82.      Ils soutiennent, ensuite, que le Tribunal de première instance a commis une erreur de droit en distinguant entre une modification législative du statut et une modification de règles internes à une institution visant à la mise en œuvre de celui‑ci. L’arrêt Monaco/Parlement, précité, ne vient pas au soutien d’une telle analyse, qui revient à placer une modification législative au‑dessus du principe de l’égalité de traitement. Il s’agit là d’une atteinte inacceptable portée à l’État de droit. Dans l’ordre juridique communautaire, le principe de l’égalité de traitement s’applique indifféremment au pouvoir exécutif, au législateur et au juge.

83.      Le Tribunal de première instance a, de fait, omis d’examiner si les lauréats d’un seul et même concours formaient un groupe comparable devant bénéficier d’un traitement égal, et a omis de suivre le raisonnement qui avait été le sien dans l’arrêt Ryan/Cour des comptes, précité. Dans cette affaire, il avait établi, sans se démarquer de l’arrêt Monaco/Parlement, précité, que i) le pouvoir d’appréciation de l’autorité communautaire pour modifier le statut était soumis au principe de l’égalité de traitement, ii) la nature de l’acte modificatif était indifférente, et iii) le principe de l’égalité de traitement suppose que la date d’entrée en application du nouveau régime ne soit pas discriminatoire.

84.      En s’écartant de sa jurisprudence précédente, le Tribunal de première instance a méconnu une obligation de motiver sa décision de manière appropriée. Il a omis d’examiner en quoi pourraient consister les justifications afférentes au changement de règles et à la date d’entrée en vigueur des nouvelles règles.

85.      En outre, l’affirmation suivant laquelle les fonctionnaires respectivement recrutés avant et après le 1er mai 2004 forment des groupes différents parce que des règles différentes leur sont applicables, de sorte qu’il n’y a pas de discrimination illégale, repose sur un raisonnement circulaire.

86.      Le raisonnement concernant la discrimination en fonction de l’âge est également erroné en droit.
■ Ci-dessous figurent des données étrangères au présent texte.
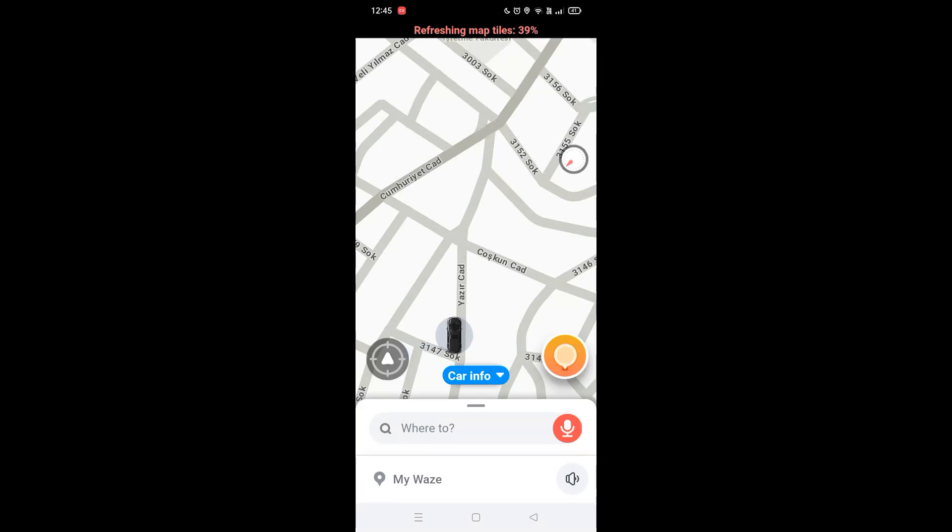In this video I'm going to show you guys how to add your own voice on Waze. It's pretty simple. I'm going to show you step by step, so let's get right into it.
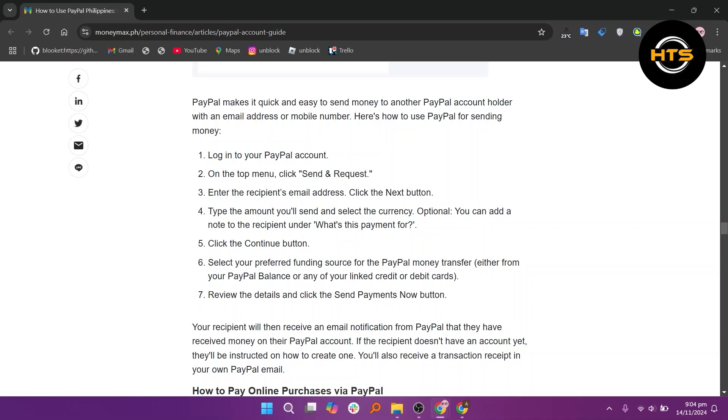Now select your preferred funding source for the PayPal money transfer. In the end, review the details and click the send payments now button.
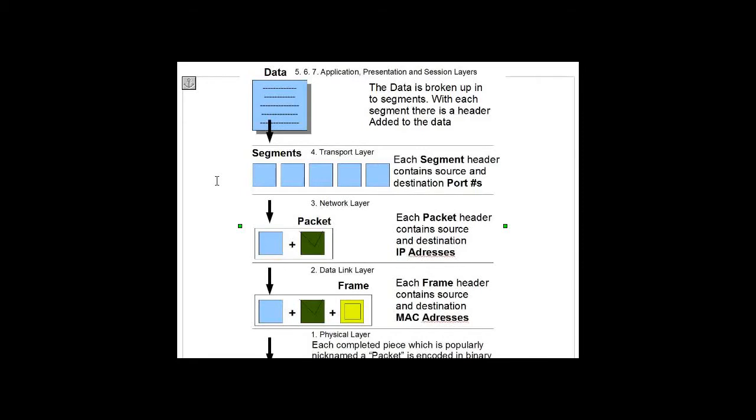If it's an email, the destination port number is going to be port 25, so you know it's SMTP and it's going to be an email.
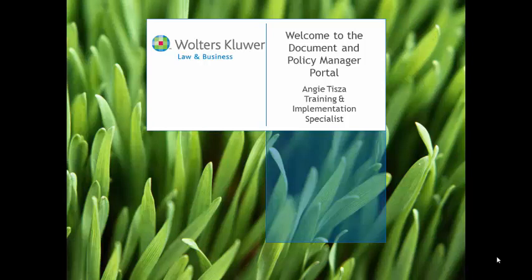Hello, my name is Angie Tiza, and this video will provide you with an overview of the Document and Policy Manager publishing portal.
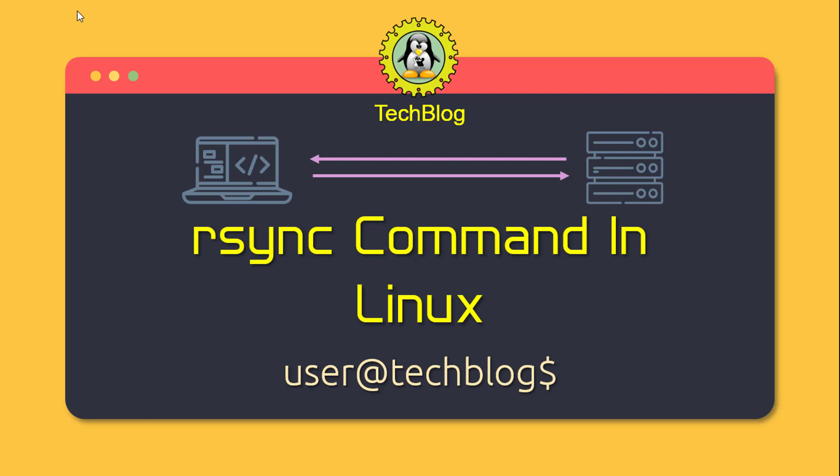Welcome back to our series on Linux command line tools. Today, we're going to learn about the rsync command, which stands for remote sync.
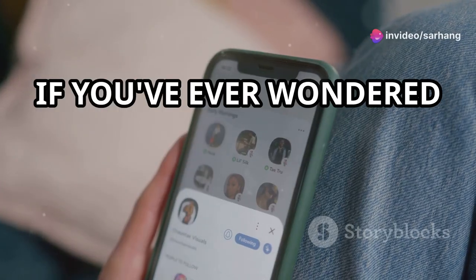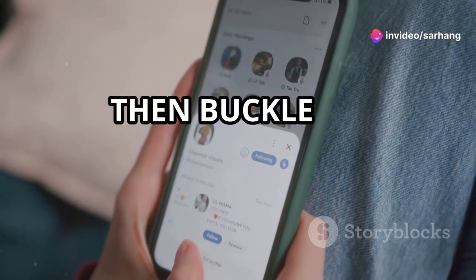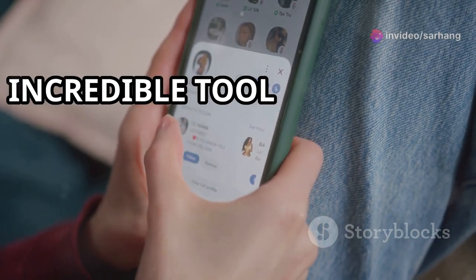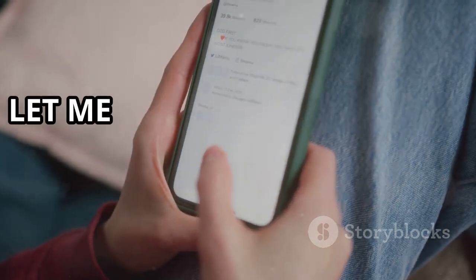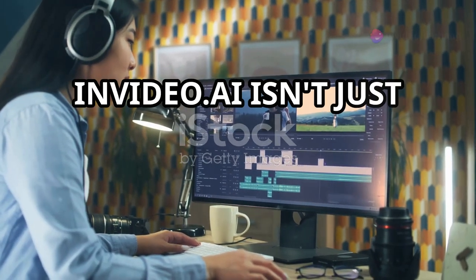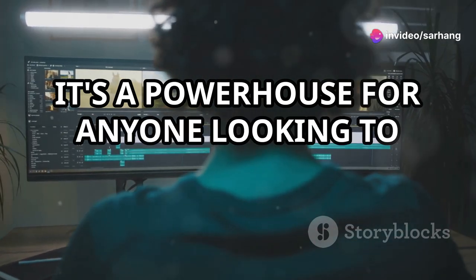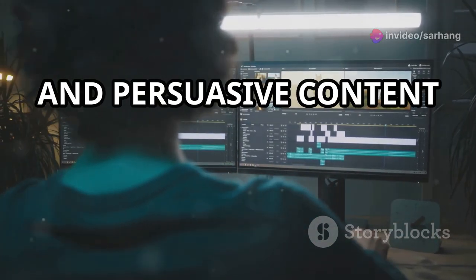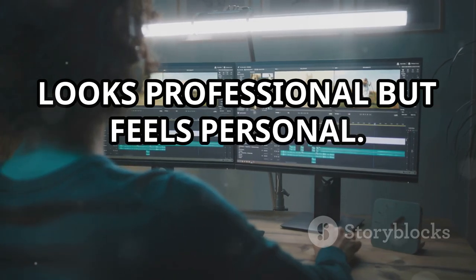Hey everyone. If you've ever wondered how to take your social media content to the next level, then buckle up because today I'm diving deep into an incredible tool that might just be your new best friend, NVIDEO.AI. Let me start by telling you, NVIDEO.AI isn't just another video-making tool. It's a powerhouse for anyone looking to create eye-catching, engaging and persuasive content that not only looks professional but feels personal.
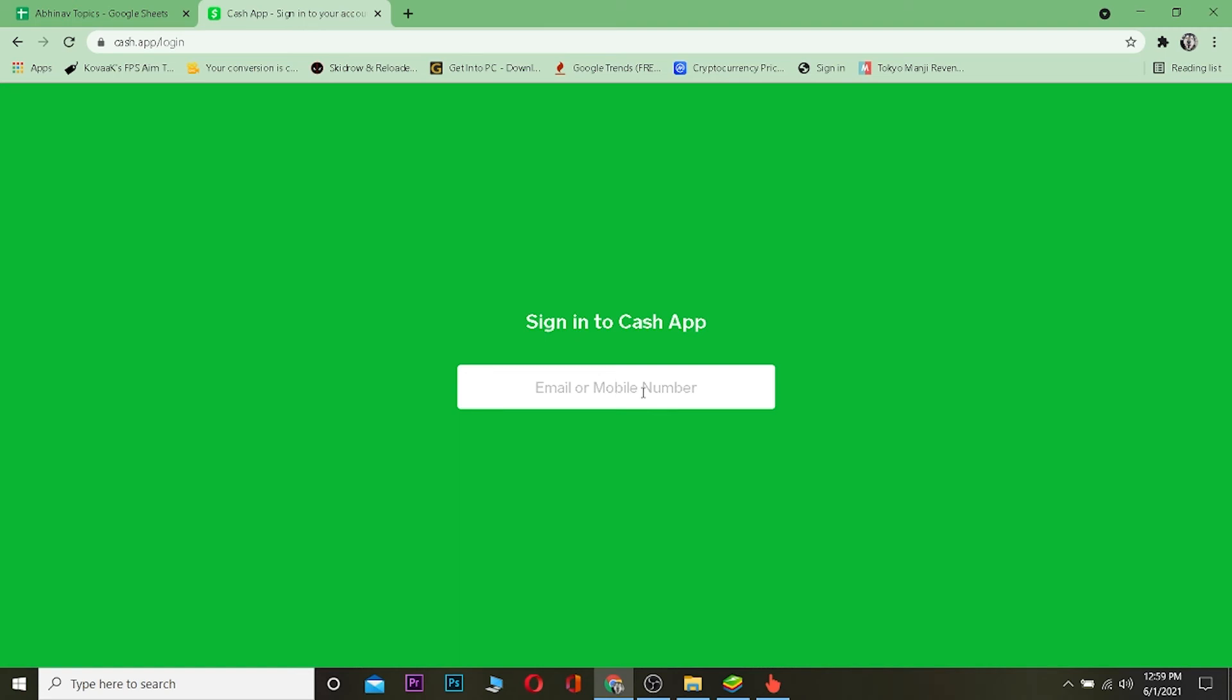After typing the verification code to verify it's you, you need to enter your password. After entering your password, you can access your Cash App account. That's basically how you can do it.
Une discrimination interdite peut être indirecte aussi bien que directe. En l’occurrence, la discrimination était indirecte, étant donné que les fonctionnaires recrutés sur la base de concours exigeant une expérience professionnelle ont été nommés à des grades qui convenaient pour des personnes dépourvues d’une telle expérience.

87.      Pour la Commission, l’arrêt attaqué ne repose pas sur la prémisse selon laquelle le législateur communautaire ne serait pas lié par le principe de l’égalité de traitement. La véritable question est celle de la «portée intertemporelle» de ce principe, à savoir la circonstance que des particuliers soient, par suite de l’introduction d’une nouvelle règle à partir d’une certaine date, traités moins favorablement qu’avant cette date constitue‑t-elle une violation du principe de l’égalité du traitement? La jurisprudence conforte l’idée qu’il n’en est rien.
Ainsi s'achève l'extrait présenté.